Он выпил полстакана ромовой водки и перекосился от омерзения.
— А ты водичкой из-под крана запей, — сказал я. — Она тепленькая, приятная.
Запивать он не стал, закурил «Уинстон».
Все это означало многое.
В конце концов у меня с Юрой, как и с однокашниками, и с теми ребятами — начинающими писателями, с которыми сосал соску в литобъединении, все происходило довольно банально и одинаково.

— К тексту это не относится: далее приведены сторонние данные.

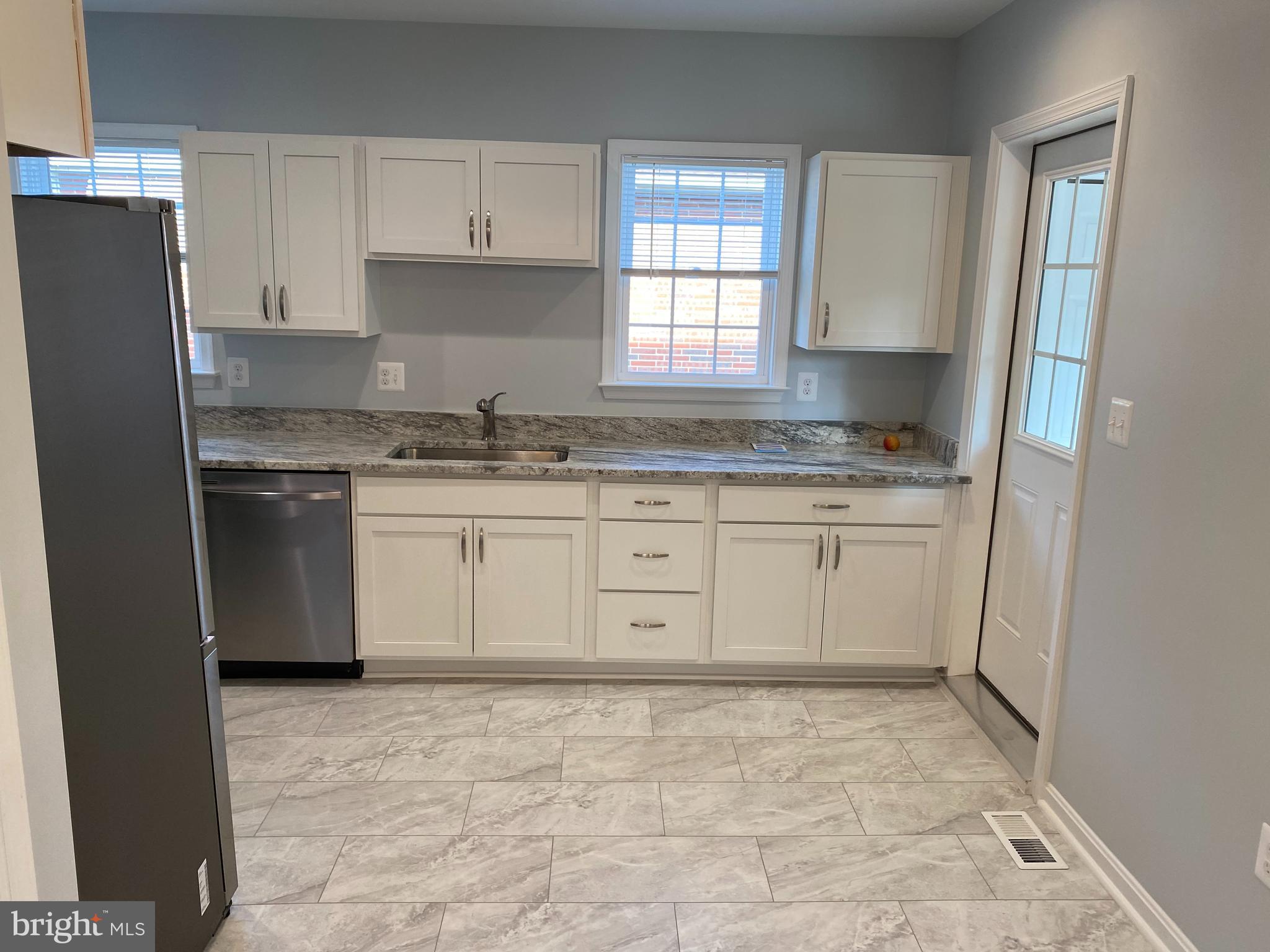 7036 Dunhill Road Dundalk, MD 21222 - Photo 11 of 33 Gallery Image 11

Когда-то мы были с Юрой близки. И с ребятами из объединения мы были близки, привязаны друг к другу, любили друг друга. Конечно, это не касается приспособленцев, бездарей. Боже, как начинающие писатели были привязаны друг к другу, любили друг друга! (Недаром это повторение «друг друга».) Друзьями мы были, переписывались, перезванивались, делились замыслами, удачами, провалами. А потом, когда начали определяться литературные судьбы и пути, началось и незаметное расхождение, но делалось оно все центробежнее и резче — дальше и дальше друг от друга, чужее и ненужнее друг другу — как лучи от уличного фонаря. И до того разошлись, что и позабыли о существовании общего начала, общего прошлого.